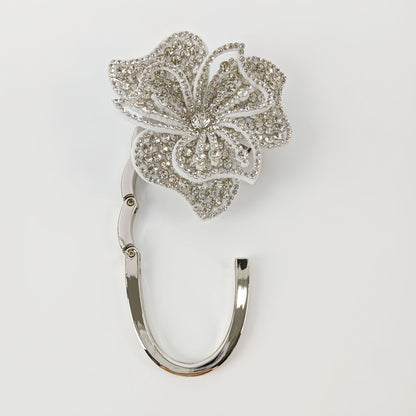 Electroplated Dyed Black Alloy Flowers Bag Pendant With Rhinestones For Christmas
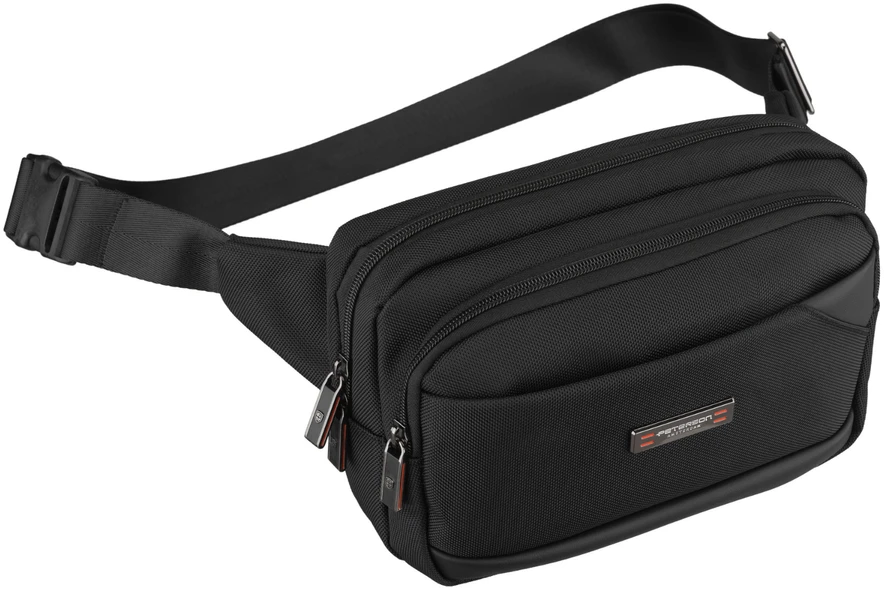 Vyriška „Peterson“ lengva juoda crossbody rankinė per petį su užtrauktuku, iš tekstilės
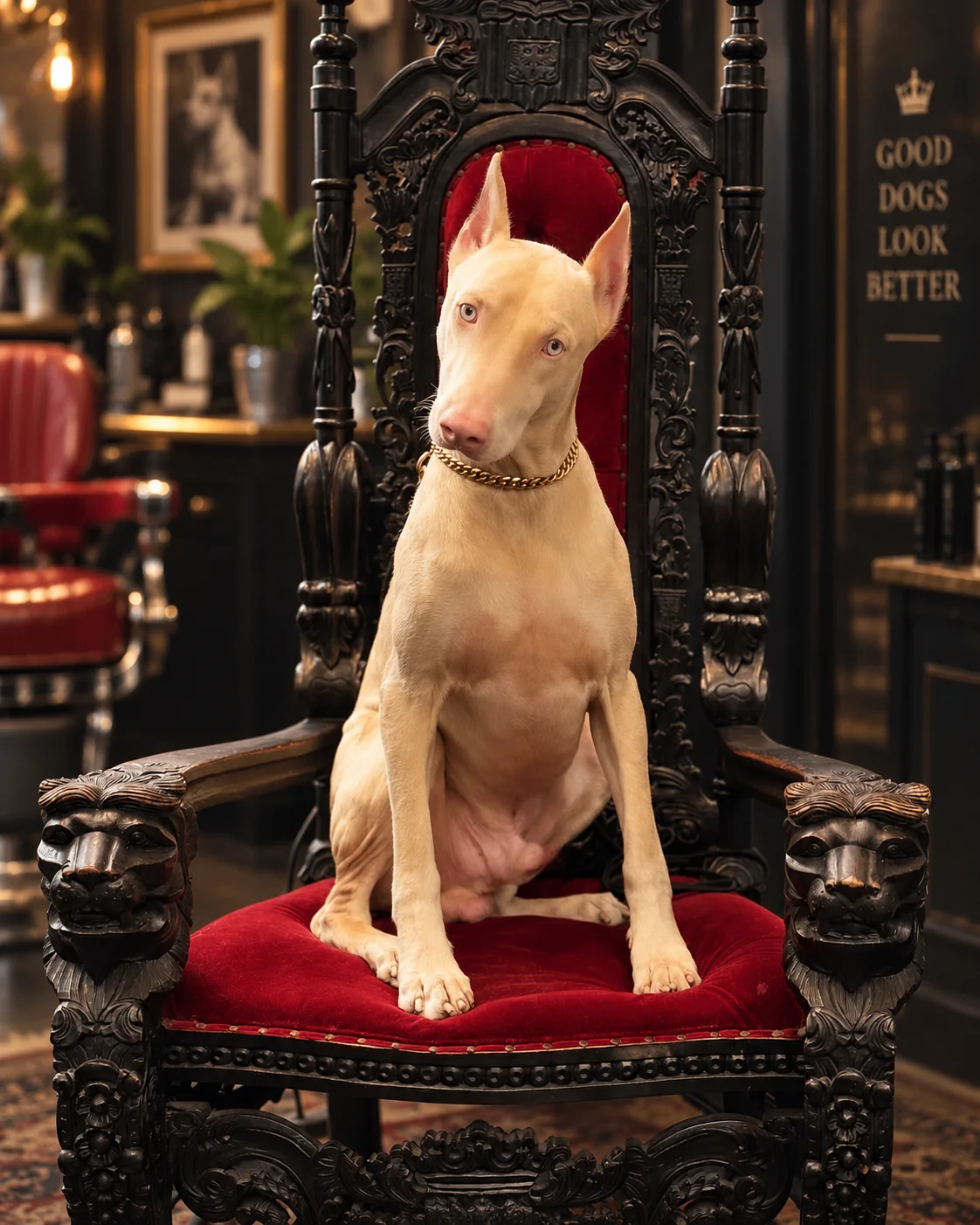 Light Doberman seated on an ornate carved chair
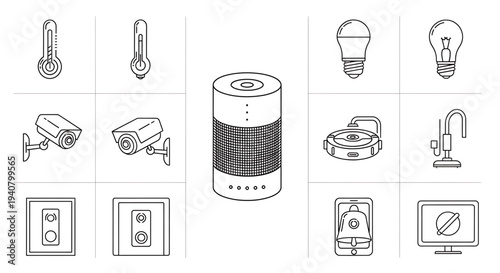 A collection of smart home devices and technology icons in a minimalist line art style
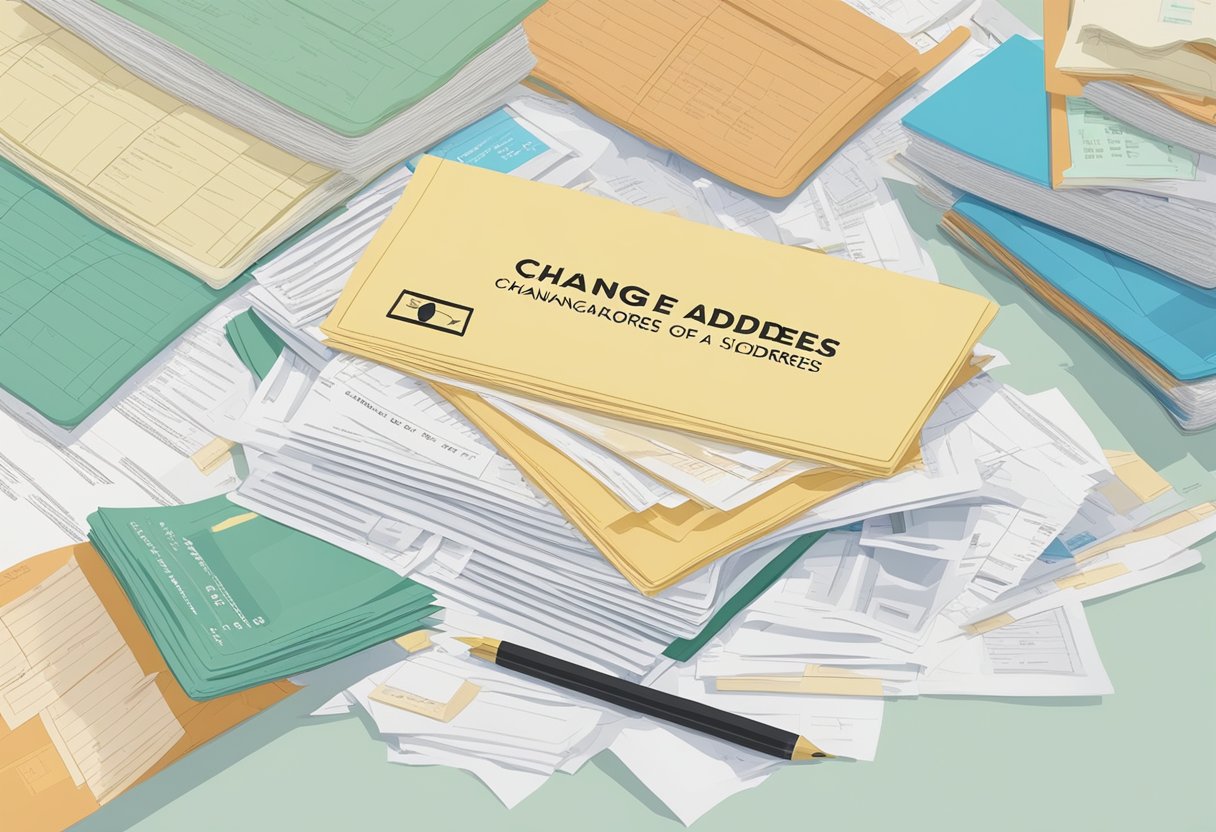 A stack of official documents with "Change of Address" forms, surrounded by legal texts and a map of Singapore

────────────────────────────────────────

# About this task
Write out each entry above once more, exactly as written, and drop the pictures.

# Task solution
 Electroplated Dyed Black Alloy Flowers Bag Pendant With Rhinestones For Christmas
 Vyriška „Peterson“ lengva juoda crossbody rankinė per petį su užtrauktuku, iš tekstilės
 Light Doberman seated on an ornate carved chair
 A collection of smart home devices and technology icons in a minimalist line art style
 A stack of official documents with "Change of Address" forms, surrounded by legal texts and a map of Singapore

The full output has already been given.